Gold Is Not In A Bubble

In the face of all this, gold has made a steady climb from
2001/2002 to where it is today without any fanfare, and mostly
ignored except for periodic spasms of interest from the press
when it broke £700/oz and most recently when it made another
high. Most people have zero understand of the history of gold as
a store of wealth, and the fact is was considered money through
the world until President Nixon closed the gold window in 1971
and the world moved to a pure “fiat” system.

Dear Reader

Gold is NOT in a bubble, Let’s look at the history of bubbles, shall we? Many have most of the following in common:

  1. Everyone is talking about it
  2. Everyone owns it or wants to own it
  3. Prices are rising beyond any normal trajectory
  4. “Flipping” it is a sure way to make a profit
  5. Everyone believes you can’t go wrong with it

All of this applied to the great tulip bubble, the dot.com /dot.bomb stock period, and most recently housing (Think Buy to Let here). How much of this applies to gold at present?

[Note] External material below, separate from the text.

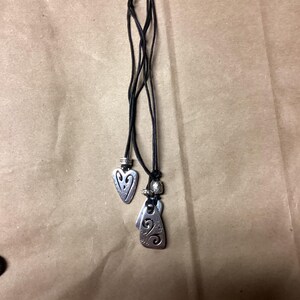 May include: A black leather cord necklace with three silver pendant charms. The charms are shaped like hearts and have intricate designs.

  1. Everyone is NOT talking about it
  2. Very few people actually own it, and not that many seem to want to buy it thinking the price is too high
  3. The price action and trajectory of gold is pretty sane and ordinary
  4. There are no “flippers” in the market like with IPO’s and houses
  5. Most people still deride it as a useless metal

In the face of all this, gold has made a steady climb from 2001/2002 to where it is today without any fanfare, and mostly ignored except for periodic spasms of interest from the press when it broke £700/oz and most recently when it made another high. Most people have zero understanding of the history of gold as a store of wealth, and the fact is was considered money through the world until President Nixon closed the gold window in 1971 and the world moved to a pure “fiat” system.

As the banksters have looted the societies of the world, and paper money is run off the presses like toilet paper from Andrex the early money — aka “the smart money” has slowly been building positions in gold for some time. Much of this money cares not what the price does today, tomorrow or next week. they are looking a few years down the line to the eventual bond crisis that will hit the US as it has hit the PIIGS in the EU, and want to “preserve wealth”.

Continual IMF sales have been met willingly by nations anxious to build reserves after years of drawing them down as the fiat money experiment seems destined to end. China has been building reserves via internal mines and a conscripted market internally, only announcing occasionally that they have yet again upped their holdings without major market interventions by them. In addition, they now encourage their people to own gold — a practice illegal just a few years ago — as a means of increasing national reserves without government having to pay for it.

NO, sorry, there is STILL NO BUBBLE in gold. It is still early in the process of building. But right now, if you see it as insurance against the banksters and their cartel, and not as a trading vehicle, you are still early in the process as well.